A few days ago I wrote about Online Learning (Apr. 13, 2020). There’s no doubt you can learn on the Internet. Good quality stuff, if you search it out.
Here’s an article that suggests targeted learning might someday replace university degrees. “Could targeted, bite-sized chunks of education help you get a job?”
This particular article focuses on the rising cost of education, and whether online courses and certificate programs could replace a university degree. Or maybe not replace, just supplement.
This isn’t a new idea. I think it must have been around since the early days of the Internet. Hey look, here’s something that might happen. Easy futurism.
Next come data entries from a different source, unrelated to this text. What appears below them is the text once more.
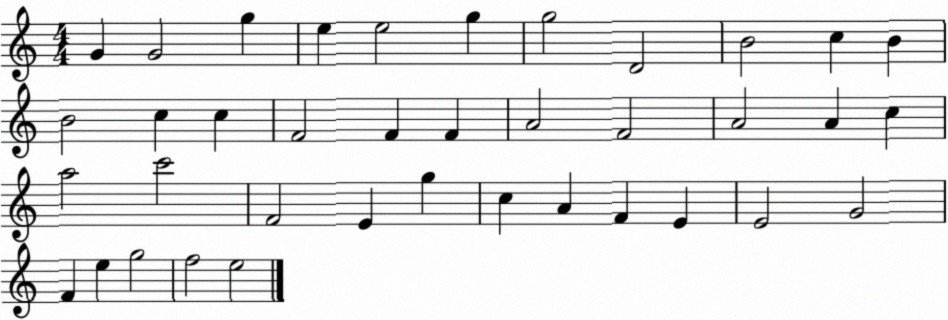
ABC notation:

X:1
T:Untitled
M:4/4
L:1/4
K:C
G G2 g e e2 g g2 D2 B2 c B B2 c c F2 F F A2 F2 A2 A c a2 c'2 F2 E g c A F E E2 G2 F e g2 f2 e2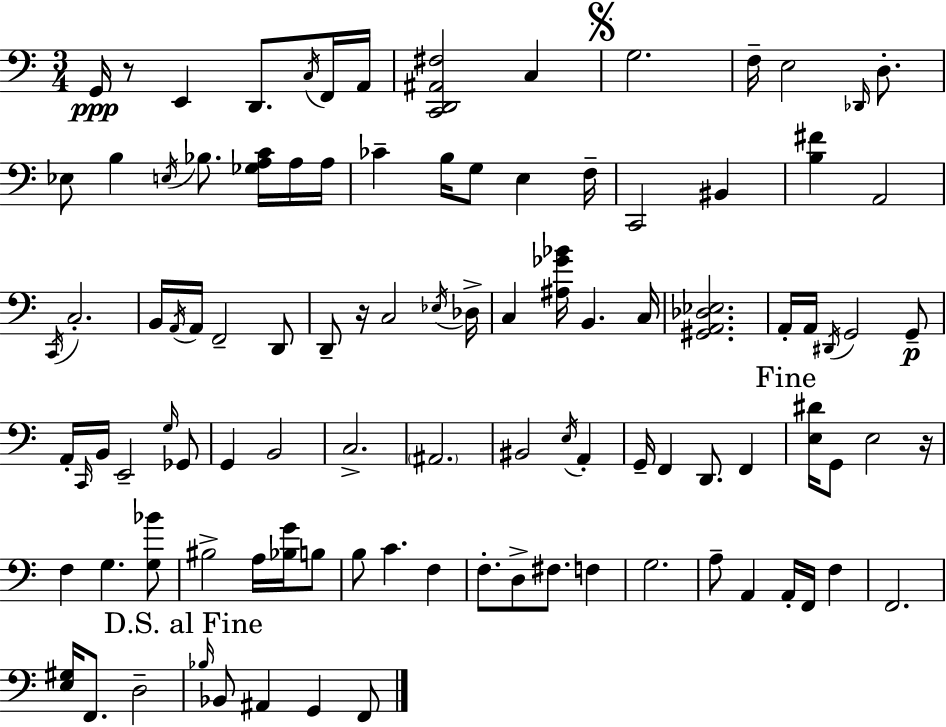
G2/s R/e E2/q D2/e. C3/s F2/s A2/s [C2,D2,A#2,F#3]/h C3/q G3/h. F3/s E3/h Db2/s D3/e. Eb3/e B3/q E3/s Bb3/e. [Gb3,A3,C4]/s A3/s A3/s CES4/q B3/s G3/e E3/q F3/s C2/h BIS2/q [B3,F#4]/q A2/h C2/s C3/h. B2/s A2/s A2/s F2/h D2/e D2/e R/s C3/h Eb3/s Db3/s C3/q [A#3,Gb4,Bb4]/s B2/q. C3/s [G#2,A2,Db3,Eb3]/h. A2/s A2/s D#2/s G2/h G2/e A2/s C2/s B2/s E2/h G3/s Gb2/e G2/q B2/h C3/h. A#2/h. BIS2/h E3/s A2/q G2/s F2/q D2/e. F2/q [E3,D#4]/s G2/e E3/h R/s F3/q G3/q. [G3,Bb4]/e BIS3/h A3/s [Bb3,G4]/s B3/e B3/e C4/q. F3/q F3/e. D3/e F#3/e. F3/q G3/h. A3/e A2/q A2/s F2/s F3/q F2/h. [E3,G#3]/s F2/e. D3/h Bb3/s Bb2/e A#2/q G2/q F2/e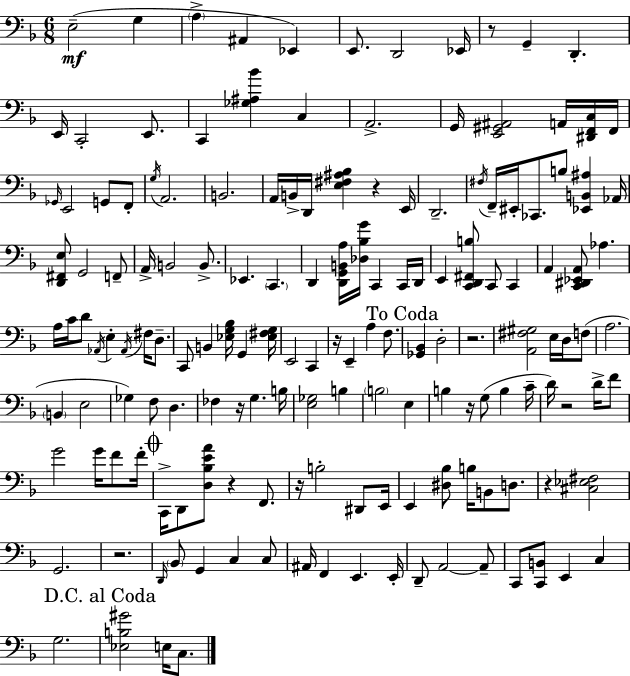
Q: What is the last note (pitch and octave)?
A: C3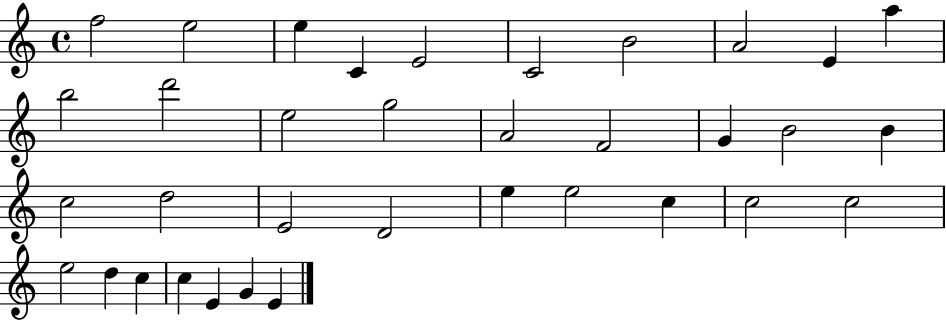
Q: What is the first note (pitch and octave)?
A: F5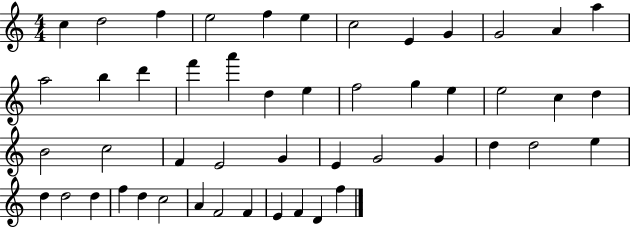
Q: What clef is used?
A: treble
Now the landscape has been transformed, just in the two months since this article was written. Here in Colorado we’re all in COVID-19 lockdown. Schools are closed; replaced in various ways by online instruction.
It’s a new world, both for school and for work. It was totally impossible, so they said, to let people work at home. Until it had to be done to keep employers in business. Now it’s magically possible.
I tease my nephew that his education is over. He’ll never get further than 9th grade. It’ll be digging ditches for him. It’s funny only because we know the world has changed. Whether or not he’s ever able to go back to a traditional classroom environment, the certification process will adapt. He’ll graduate high school and go on to college, in whatever way those things end up being defined.
When I retired a few years ago, I thought I would like to good back, finish my Masters’ degree and get a PhD in History. I applied to universities. I got accepted. And I decided I don’t really want to go. Not this school. Not that school. Not right now. I love reading and watching videos; the learning itself.
Even when I was college I pushed against the structure. I wanted to go my own direction. Week 3, I’m thinking that chapter we had to read is fascinating. I want to explore that. I’m not ready to move on with the rest of the class to the next topic.
Today, when I look at online versus classroom education, I agree with the guy in this article. “[H]e came to the conclusion that a major part of formal education was ‘signalling’; that it was used to ‘filter society by which people are smart, conscientious and conformist enough to put up with it'”.
- Anisa Purbasari Horton. “Could micro-credentials compete with traditional degrees?” BBC <bbc.com>, Feb. 17, 2020. Retrieved Apr. 19, 2020.